Introduction: Immune checkpoint blockade (ICB) uses antibodies to block inhibitory receptors, allowing immune cells to attack and kill cancer cells. This therapy has resulted in complete regression of tumours in some patients, but no response in others. The biological determinants of the response to ICB in cancer remain incompletely understood. Little is known about dynamic biological events that under-pin therapeutic efficacy due to the inability to frequently sample tumours in patients.
Procedures: We developed bilateral tumour mouse models where ICB either leads to a response or a failure to respond in both tumours, allowing us to take one tumour during ICB therapy while determining the response from the remaining tumour.

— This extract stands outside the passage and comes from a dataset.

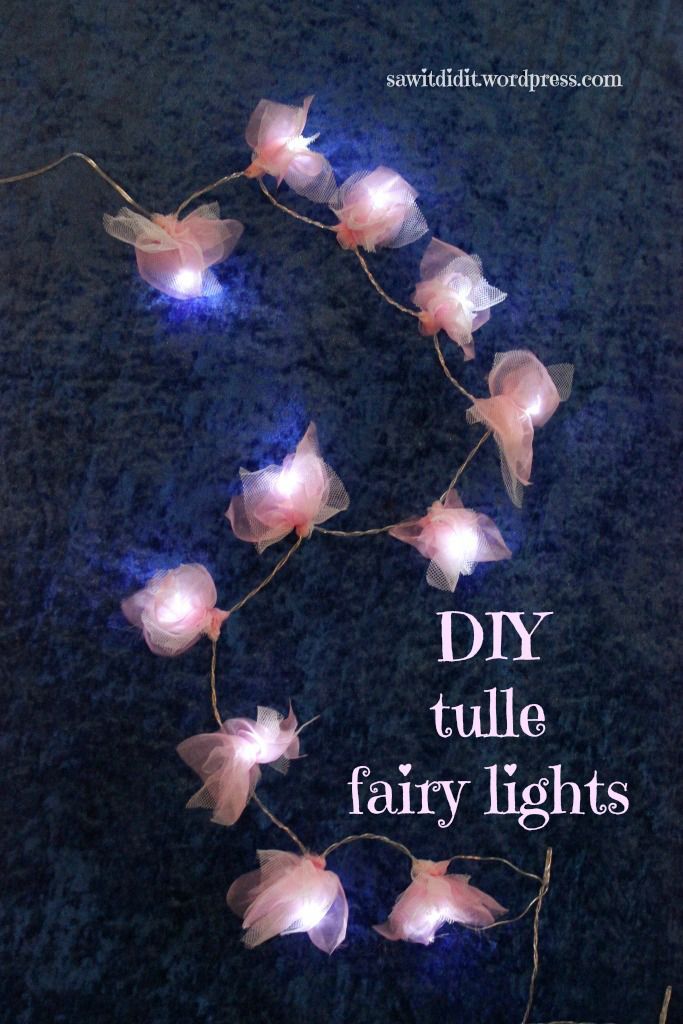 the words diy tulle fairy lights are lit up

We mapped the gene expression of 144 responding and non-responding tumours from two mouse models at four time-points during ICB using bulk and single-cell RNAseq.
Results: We found that responding tumours displayed a dynamic on/off pattern of type I interferon (IFN) signaling, while in non-responsive tumours IFN was slowly and persistently activated. By mimicking the on/off IFN signal using time-dependent sequential dosing of recombinant IFNs and neutralizing antibodies we markedly improved ICB efficacy, but only when IFNβ or its receptor was targeted, not IFNα. We identified Ly6C+/CD11b+ inflammatory monocytes as the primary source of IFNβ and found that active type I IFN signaling in tumour-infiltrating inflammatory monocytes was associated with T cell expansion in patients treated with ICB.
Conclusions: Our results suggest that on/off activation of IFNβ signaling is critical to the therapeutic response to ICB, which can be exploited to drive clinical outcomes towards response. This is the first example that time-dependent modulation of a drug target is required to achieve a more favorable anti-cancer effect.